If there is anyone at work that I haven’t met yet and they’ve only ever witnessed the version of me at the vending machine, they definitely think I’m a psychopath.
It’s not my fault. The vending machine hates me.
This morning I was walking in and I decided I wanted to get a package of pistachios.
I put my money in the machine and punched in the numbers. Somehow I could just sense that the machine was going to try to rip me off right after I let go of that last number.
The spiral coil started turning and instantly I could see that the ratio of coil-spinage to the distance the snack was going to need to travel for its departure wasn’t adding up.
If my snack machine math was correct I was going to be left with a pistachio cliff hanger.
My blood started to boil already and the machine didn’t even finish ripping me off yet.
Well guess what: I might as well have a PhD in vending machine mathematics.

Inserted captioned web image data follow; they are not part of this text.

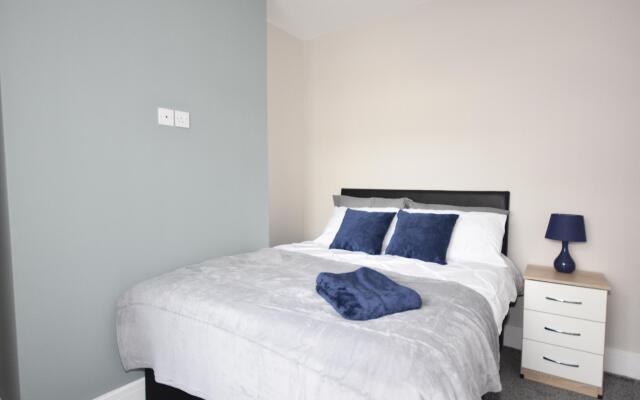 Townhouse @ 32 Penkhull New Road Stoke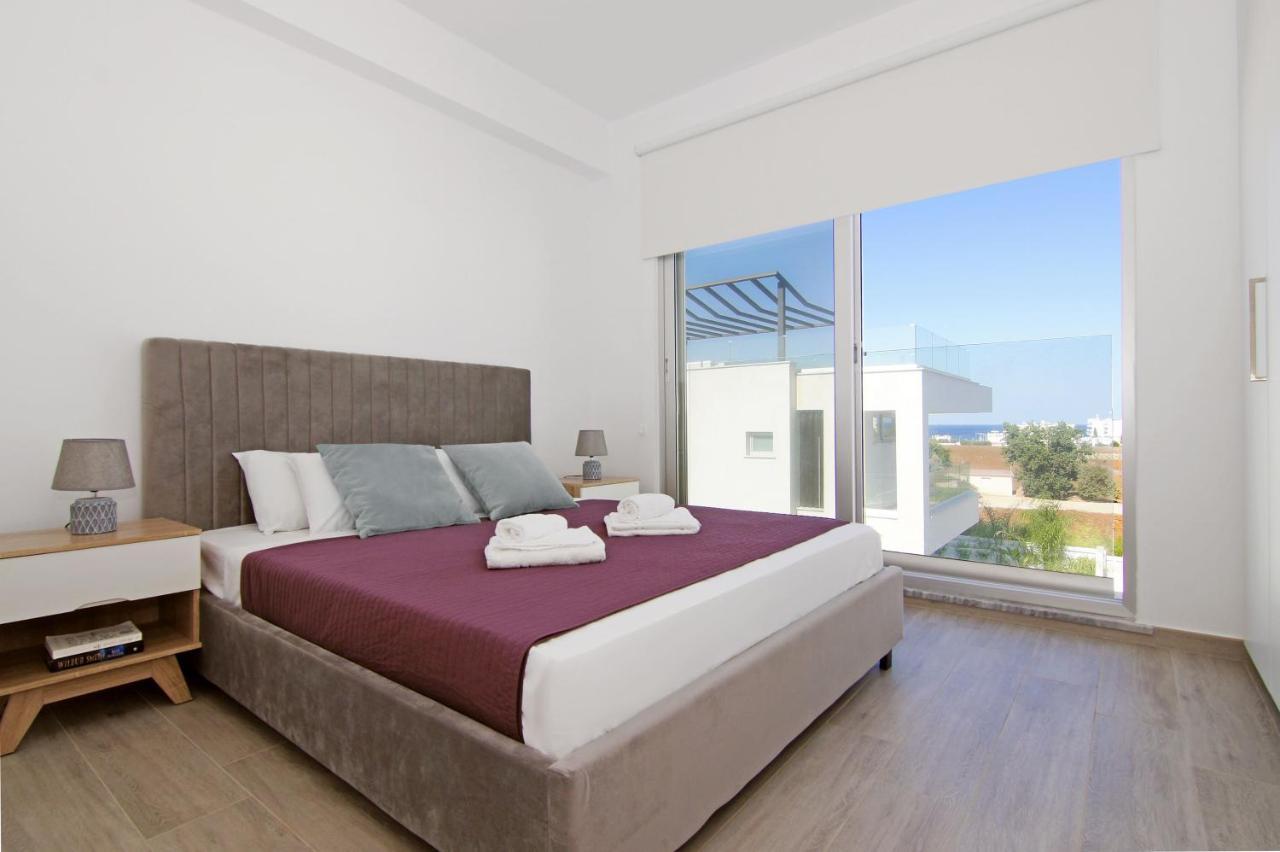 Villa Nova Protaras Bagian luar foto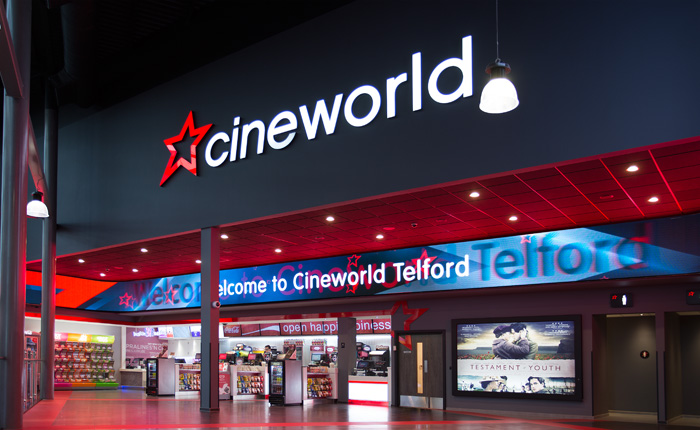 Lanțul de cinematografe Cineworld s-ar putea închide. Mii de locuri de muncă sunt în pericol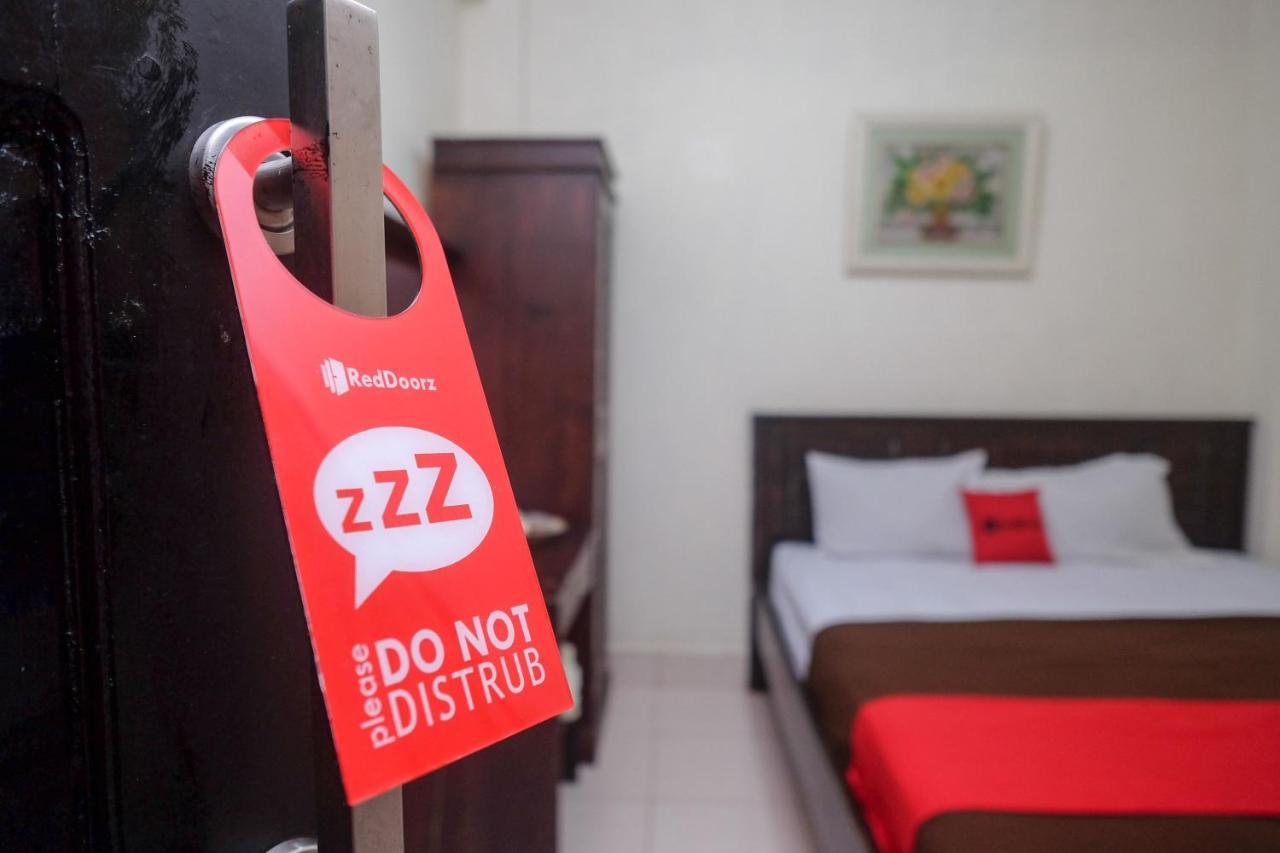 Reddoorz At Hotel Rich Parepare Near Pantai Mattirotasi Exterior photo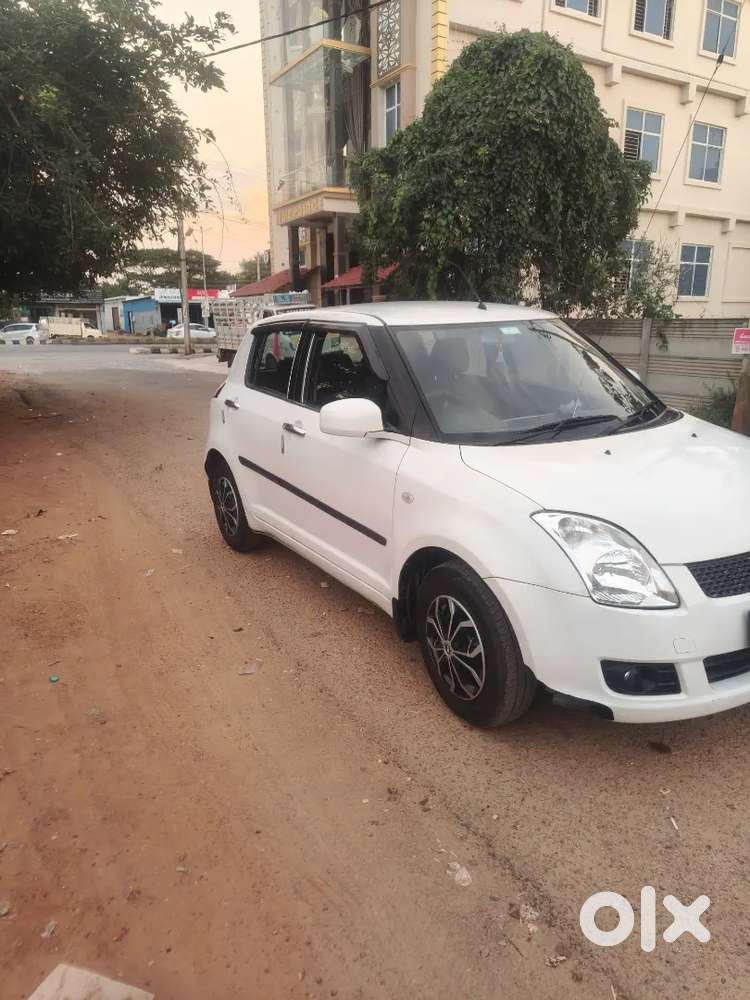 Maruti Suzuki Swift 2010 Last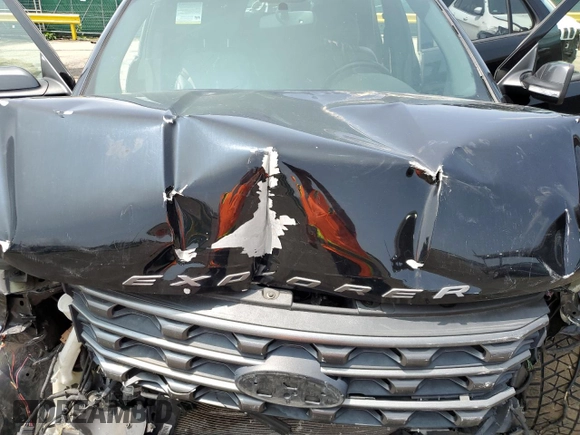 2017 Ford Explorer XLT with VIN 1FM5K7D82HGD55484, listed as a Copart auction lot 59171425 with 164,225 mi miles and Salvage title. Bid and sale history available at DreamBid. Image 13.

The coil stopped turning and my bag of nuts was still hanging there; somehow defying the laws of physics and taunting me.
“YOU MOTHER FUCKER!!” I said in my morning voice.
I grabbed the machine and started shaking it.
PLUNK! .... the bag of nuts finally fell out. I pulled a muscle in my neck though during the freak out and I’ve been suffering with it all day.
That’s how I started my day off. I just ended it by spilling a pint of water on my bed so now I’m going to try and sleep on the couch. I might take some sleeping meds and try to sleep all weekend.
I’ll try and check in on Sunday night.